いよいよ公開と意気込んで『関心領域』を鑑賞。
こりゃ賛否両論を生む作品だと感じましたが、好みと感性の問題のような気がしました。
個人的にはこの映画は対しては賛です。
本当に怖い映画だと感じました。

そして、またしてもA24の映画と分かり、今の時代にフィットしたあらゆるジャンルの高品質な映画を製作している会社だと感じます。

難しそうな映画だと感じたので、予習をしていきましたが、必要最低限のセリフと音で物語を把握していく展開に集中力が必要でした。
難しい映画ですが、これはエンタメではなく人間力を試してくる映画であり、人間の愚かさや凡庸の中にある悪を描いていて、今も繰り返しているという絶望とその中にある人間の善への希望を感じます。
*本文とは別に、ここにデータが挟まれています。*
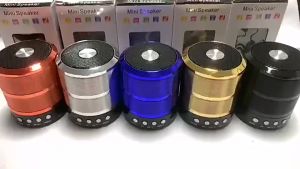 ลำโพงบลูทูธ เสียงดี เสียงดัง เบสหนัก รุ่น WS-887 Speaker Bluetooth Micro SD card Flash Drive USB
ずっとクローズアップというものがなく、淡々と俯瞰するような情景が続きますが、和やかに豊かな生活を送る一家の映像の中の違和感をどんどん感じていきます。
そして、だんだんと明らかになって行く状況。
この一家はアウシュビッツ収容所の隣にある所長のルドルフ・ヘスの家族たち。

当たり前のように妻であるヘートヴィヒの行動から収容所のユダヤ人から奪った毛皮や宝石、衣服を自分のものにしていたり、服を使用人たちに選ばせていたりとおぞましいのにみんな何とも普通なのです。
この服や宝石は誰のもので、その人たちはどうなるのか?
そんな事は彼女の関心領域にはなく、あるのは自分の生活の豊かさだけ。

彼女の母を豊かな自宅に招いたのですが、数日後に母は逃げるように帰宅します。
そう、隣の収容所からの煙や匂い、音から何が行われているかわかるから。
あまりのおぞましさに逃げ出してしまったのでしょう。
これも起床後に母がいなくなり、置手紙を読んで、焼き捨てるヘートヴィヒの行動からの推察にすぎませんが、それを推察する力も必要とされる映画でもあります。
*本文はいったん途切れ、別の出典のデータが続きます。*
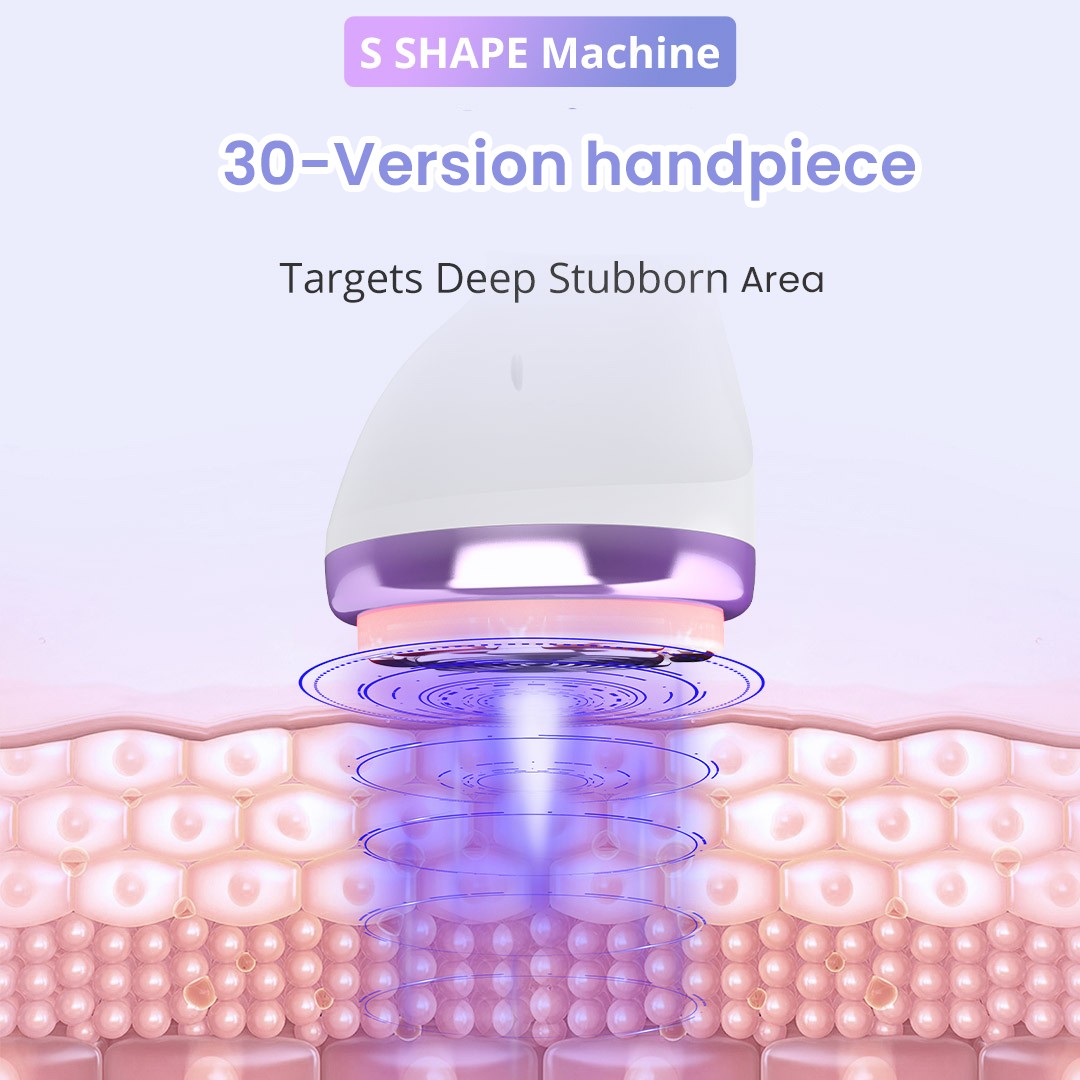 Premium 6 in 1 Beauty Machine for Advanced Body & Facial Care Massage Salon Spa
ヘス自身も家族や妻を愛し、勤勉に命令をこなす有能な人物です。
世が世なら出世株の社員といったところ。
転属でアウシュビッツを離れることが決まると、妻から「こんな素晴らしい家が手に入ったのに去るだなんて。私はここに残って子どもたちを育てる」とまで言われてしまう。
まるでマイホームを建てたばかりで転勤が決まった単身赴任の夫みたいでした(笑)

奥さんが我が強くてなかなか凄い。
でもこういう人っているなと思いました。
子どもたちにもちょっと情緒がおかしくなっている子もいたし、収容所の隣にあるっていうことは悲鳴や銃声、匂いや煙だってわかるので、いたたまれないはず。その鈍感さと関心のなさに驚くばかりです。
彼女は貧しい出身だったようで(母がユダヤ人のお金持ちに雇われていたセリフから)、今の豊かな暮らしにしか興味がない。
演じるザンドラ・ヒューラーさんの見事さよ!
あのガニ股っぽい歩き方も凄くよかった。
『落下の解剖学』も素晴らしかったですが、こちらの演技も怖すぎて素晴らしすぎました。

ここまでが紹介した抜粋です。